This is the mail archive of the gcc-patches@gcc.gnu.org mailing list for the GCC project.


Index Nav: [Date Index] [Subject Index] [Author Index] [Thread Index]
Message Nav: [Date Prev] [Date Next] [Thread Prev] [Thread Next]
Other format: [Raw text]

[PING][PATCH] Mark symbols in offload tables with force_output in read_offload_tables


[ was: Re: [PATCH] Handle BUILT_IN_GOACC_PARALLEL in ipa-pta ]

On 16/12/15 17:02, Tom de Vries wrote:
On 10/12/15 14:14, Tom de Vries wrote:
[ copy-pasting-with-quote from
https://gcc.gnu.org/ml/gcc-patches/2015-12/msg00420.html , for some
reason I didn't get this email ]

On Thu, 3 Dec 2015, Tom de Vries wrote:
The flag is set here in expand_omp_target:
...
12682         /* Prevent IPA from removing child_fn as unreachable,
                 since there are no
12683            refs from the parent function to child_fn in offload
                 LTO mode.  */
12684         if (ENABLE_OFFLOADING)
12685           cgraph_node::get (child_fn)->mark_force_output ();
...


How are there no refs from the "parent"?  Are there not refs from
some kind of descriptor that maps fallback CPU and offloaded variants?

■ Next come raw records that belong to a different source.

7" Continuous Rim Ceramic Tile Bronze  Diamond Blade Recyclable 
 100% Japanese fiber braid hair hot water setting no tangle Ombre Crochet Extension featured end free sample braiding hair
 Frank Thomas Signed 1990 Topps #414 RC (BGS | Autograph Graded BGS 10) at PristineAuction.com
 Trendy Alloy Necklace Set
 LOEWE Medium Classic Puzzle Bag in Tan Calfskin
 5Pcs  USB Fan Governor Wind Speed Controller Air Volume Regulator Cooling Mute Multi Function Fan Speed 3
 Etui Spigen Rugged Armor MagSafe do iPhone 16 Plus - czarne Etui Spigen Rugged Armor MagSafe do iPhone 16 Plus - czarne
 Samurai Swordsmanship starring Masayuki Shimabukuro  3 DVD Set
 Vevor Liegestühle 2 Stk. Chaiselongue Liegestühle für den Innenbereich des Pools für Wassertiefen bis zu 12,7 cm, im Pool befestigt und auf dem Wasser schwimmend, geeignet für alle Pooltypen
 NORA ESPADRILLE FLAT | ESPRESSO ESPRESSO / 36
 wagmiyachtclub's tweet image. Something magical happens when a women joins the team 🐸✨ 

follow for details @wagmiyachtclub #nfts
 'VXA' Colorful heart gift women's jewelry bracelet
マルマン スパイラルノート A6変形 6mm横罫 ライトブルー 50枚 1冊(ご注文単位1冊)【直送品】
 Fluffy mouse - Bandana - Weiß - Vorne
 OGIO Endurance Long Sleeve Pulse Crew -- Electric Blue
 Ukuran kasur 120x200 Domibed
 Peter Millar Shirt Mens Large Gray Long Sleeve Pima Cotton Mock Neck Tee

That descriptor is the offload table, which is emitted in
omp_finish_file. The function iterates over vectors offload_vars and
offload_funcs.

[ I would guess there's a one-on-one correspondance between
symtab_node::offloadable and membership of either offload_vars or
offload_funcs. ]

I think the above needs sorting out in somw way, making the refs
explicit rather than implicit via force_output.

I've tried an approach where I add a test for node->offloadable next to
each test for node->force_output, except for the test in the nonlocal_p
def in ipa_pta_execute. But I didn't (yet) manage to make that work.

I guess setting forced_by_abi instead would also mean child_fn is not
removed
as unreachable, while still allowing optimizations:
...
  /* Like FORCE_OUTPUT, but in the case it is ABI requiring the symbol
     to be exported.  Unlike FORCE_OUTPUT this flag gets cleared to
     symbols promoted to static and it does not inhibit
     optimization.  */
  unsigned forced_by_abi : 1;
...

But I suspect that other optimizations (than ipa-pta) might break
things.

How so?

Probably it's more accurate to say that I do not understand the
difference very well between force_output and force_by_abi, and what is
the class of optimizations enabled by using forced_by_abi instead of
force_output.'

Essentially we have two situations:
- in the host compiler, there is no need for the forced_output flag,
  and it inhibits optimization
- in the accelerator compiler, it (or some equivalent) is needed

Actually, things are slightly more complicated, I realize now. There's
also the distinction between:
- symbols declared as offloadable in the source code, and
- symbols create by the compiler and marked offloadable

I wonder if setting the force_output flag only when streaming the
bytecode for
offloading would work. That way, it wouldn't be set in the host
compiler,
while being set in the accelerator compiler.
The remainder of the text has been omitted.